In the last Transitions, mention was made of the south boundary of the Macomb Purchase. That line ended at Preston Ponds, recently purchased from the National Lead Company by the Open Space Institute, with plans in place to make it part of the state’s public land holdings.
In early times, the ponds were referred to as the Upper, Middle and Lower Prestons. Lower Preston became known as the Duck Hole, and today’s reference to Preston Ponds generally means Lower (formerly Middle) and Upper. All three are still connected by water with the outlet of Duck Hole spilling over a dam and becoming the Cold River, which flows 18 miles before it joins the Raquette River just downstream of Long Lake’s outlet.

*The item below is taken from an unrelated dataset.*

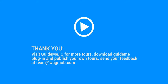Thank you for watching GuideMeTour. Visit GuideMe.io for more tours, download GuideMe plugin and publish your own tours. Send your feedback at team at wagmob.com.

Many readers of this column know the Preston Ponds-Cold River area well. Indeed, a number of local nimrods, this writer among them, were hunting in that section the last day of the open whitetail season on Nov. 25, 1950. Most of us will not soon forget it. That was the day of the Great Storm, the Big Blow or simply the Blowdown, as it was variously called. The winds picked up about midmorning that day, and when limbs and then entire trees started falling everywhere with terrifying crashes, day hunters like myself hit for home on the double. (Winds up to 100 miles per hour were recorded that night.)
Others, hunting further from the trailhead out of tent camps, were not so fortunate. Those hunters were marooned, locked in by a complete blockade of fallen trees. Amazingly, no hunter in the Cold River section was injured. It took one group, who traditionally used mules to bring in supplies to their Ward Brook site, three days using chainsaws and the mules’ drawing power to clear their way and meet up with Tupper Lake forest ranger Delbert McNeil and crew coming in from Corey’s direction.
The wind had come from the east and northeast, and the mature trees had grown wind-firm in the direction of the normal prevailing west winds. The soft woods, especially a lot of virgin spruce with their shallow root system, suffered severe destruction from nature’s sucker punch.
The Cold River-Preston Ponds area would never gain be the same place. Thirteen thousand, seven hundred acres – 100 percent down, another 10,000 acres, half of which were down (Conservation Dept. Survey). The woods were an almost impenetrable jungle of twisted, toppled, jack-strawed piles of timber, so dangerous and so vulnerable to fire that almost all of the area was closed for five years. No hunting, fishing, hiking or travel of any kind. (You can imagine how anxious everyone was to get to some of the remote ponds when that authority against trespass was finally lifted.)
The next major change to our Cold River country came in the form of an amendment to the “forever wild” provision in the state constitution that decreed, “The timber on lands constituting the Forest Preserve cannot be sold, removed or destroyed.” The Attorney General, with the approval of the legislature, gave the green light and the authority to the Conservation Dept. (today’s D.E.C) to proceed with salvage work “given the extreme fire hazard and the foolish waste of a valuable resource.” Lumbering would once again take place in Cold River.
Contracts for lumbering were let on a bid process, the bids depending on estimates of pulpwood and the board feet of saw timber, hard or soft, that might be salvaged. A number of local loggers won contracts. Wilfred Madore would have a crew in the Raquette Falls section (today’s Calkins Brook Horse Trail was one of his haul roads). Also bidding was the U.S. Bobbin and Shuttle, whose plant was then located, interesting enough, near LeBoeuf’s Street. Alfred LeBoeuf was a famed woods superintendent for the Santa Clara Lumber Company, which once owned most of Cold River (sold to the state in 1919).
In 1952, the Bobbin Company salvaged 120,000 cords in the Cold River and National Lead tracts (Barbara McMartin). They would close their Tupper Lake plant in 1953 after only four years here, during which time they employed as many as 100 people in addition to the 125 in their logging operations. Ed Bohin and his father had a sawmill above Coreys known as The Thick and Thin Lumber Company (not exactly a state-of-the-art mill). Roy Parent and crew would later push a road through from Coreys (Ampersand to Shatuck Clearing), a part of which is today’s Cold River Horse Trail system.
Those are only a few of the local people involved in the salvage operation where, in earlier times, their fathers and grandfathers had earned the reputation of being unsurpassed with an axe or a team of horses and had “let the light in.” The days when you stayed in a log camp all winter and each day, long before first light, woke up to the call of “Star Leve” (Get Up). A contraction of the French C’est l’heure a se lever – it is the hour to rise.
The primary reason for allowing the lumbering operation was, of course, the fear of fire. The recent disastrous fires this fall in California provide proof that this was a genuine concern, and that the downed timber was tinder-ready to ignite if there was a lightning strike in that remote country that would smolder and then burst into flame uncontrolled.